Pay-per-crawl at the origin: an experimental RSL-CAP access gate

Status: experimental preview, not GA. RSL-CAP enforcement ships in mod_pagespeed 1.15, off by default and confined to test configurations. Nothing here is priced, sold, or available to buy. Treat this post as the design, not a quickstart.

An AI crawler hits your site. It reads a product page, follows a few links, and pulls a PDF. None of that is free for you. It costs origin CPU, bandwidth, and database queries. The crawler then trains on that content, or answers a user’s question from it, and the value flows to someone else’s product.

“Pay-per-crawl” is the industry’s name for charging or gating that access. The interesting question is not whether to do it. It is where the decision gets made.

Most proposals put the decision somewhere upstream: a CDN edge, a marketplace, a robots-style declaration that bots are free to ignore. mod_pagespeed 1.15 puts it at the origin you already control. The route that serves the bytes is the route that decides whether to serve them.

robots.txt is a request, not a control

The standard tools for crawler control are advisory. robots.txt lists what you would prefer bots not fetch. RSL (Really Simple Licensing) and similar declarations state your terms. Both are signs on the lawn. A well-behaved crawler reads them. A crawler with an incentive to ignore them ignores them, and your origin serves the bytes anyway.

An advisory layer is still useful. It tells honest agents the rules. But it is not an access control, because nothing at the origin checks compliance before the response goes out. If you want a request refused unless it carries proof of permission, that check has to run in the request path.

What 1.15 ships: pay-per-crawl as an RSL-CAP gate

mod_pagespeed 1.15 adds RSL-CAP capability-token enforcement for nginx. The mechanism is narrow on purpose.

A request arrives carrying an Authorization: License <token> header. The token is a capability: it encodes a license id and a set of scopes the holder is allowed to use. The interceptor validates the token against the issuer’s public keys, then checks it against what the route requires.

If the route requires a license and scope that the token actually grants, the request passes through to your normal handling. When the token is missing, invalid, expired, from an untrusted issuer, or does not grant the required license and scope, mod_pagespeed refuses the request inline with a 401/402-class response (the smoke test pins the exact code per case), before it reaches your application code.

mod_pagespeed does not meter, bill, or settle money. A 402 says “payment is required for this,” not “we just charged you.” You bring the issuer that mints tokens and the billing relationship behind it. mod_pagespeed is the gate, not the payment processor.

This is not generally available. The enforcement primitive ships in 1.15, off by default, and today it runs only in experimental, test-vhost configurations. It is not priced, not sold, and not fully documented. If you want to run it in production, treat this post as the design, not the quickstart.

The directives, and their defaults

Enforcement is off until you turn it on.
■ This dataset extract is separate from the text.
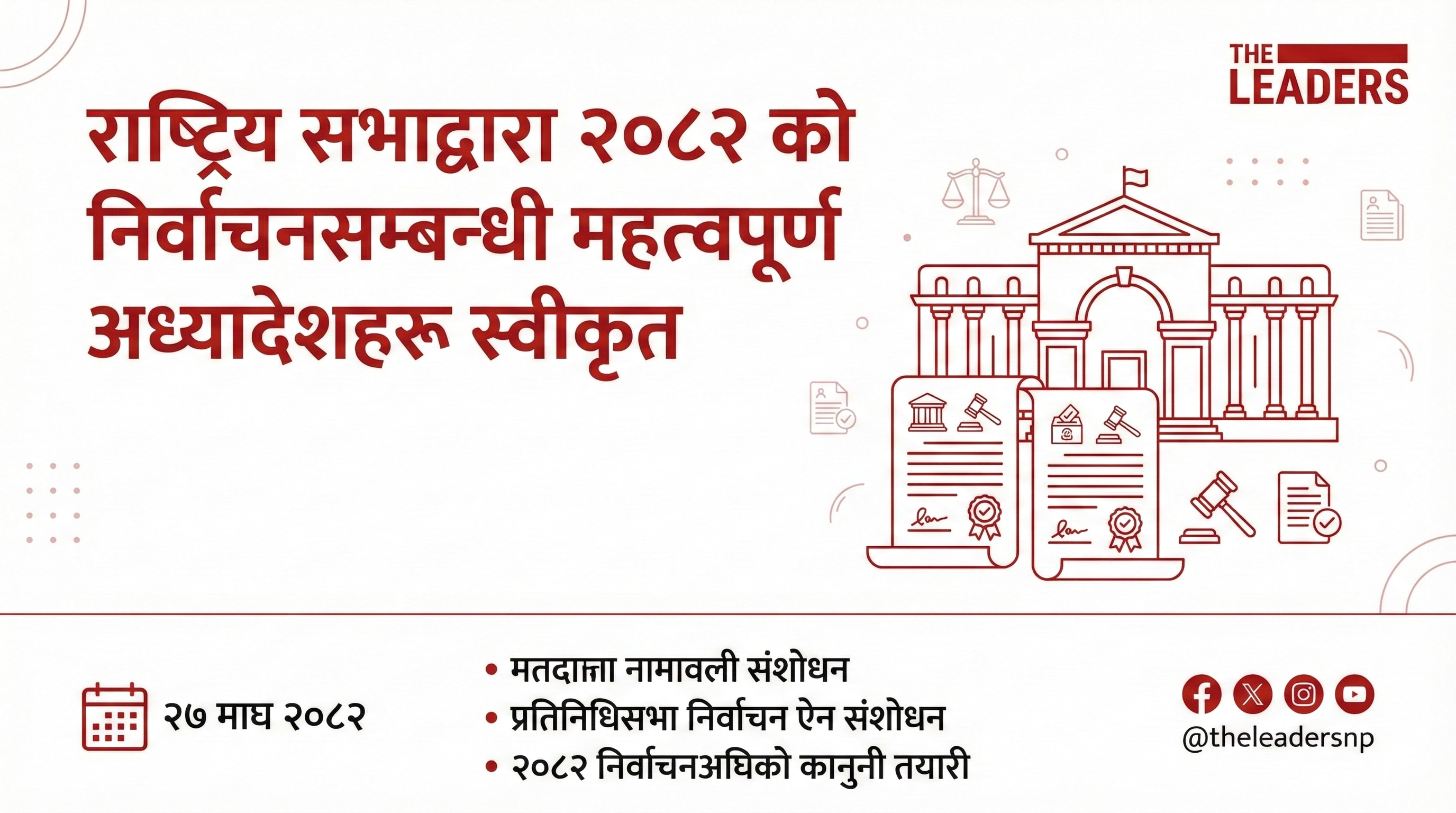 Upper House clears key election ordinances for 2026 polls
Every directive below ships empty or disabled by default, so installing 1.15 does not gate any route until you enable RslCapEnforcement and set a required license and scope.

RslCapEnforcement — the master switch. Default off. Turn it on per location with pagespeed RslCapEnforcement on;.
RslCapKeyDirectoryFile — path to a local JWKS file holding the issuer’s public keys. Tokens are verified against these. Default empty.
RslCapRequestedLicense — the license id this route requires a token to grant. Default empty.
RslCapRequestedScope — the scope this route requires. Default empty.
RslCapIssuer — an optional issuer pin. An otherwise-valid token whose issuer does not match this value is rejected. Default empty.

You decide, per location block, which license and scope a caller must hold. A documentation tree might require one scope, a high-cost search endpoint another, your marketing pages none at all. The gate is local config plus a key file. There is no call out to a licensing service in the hot path.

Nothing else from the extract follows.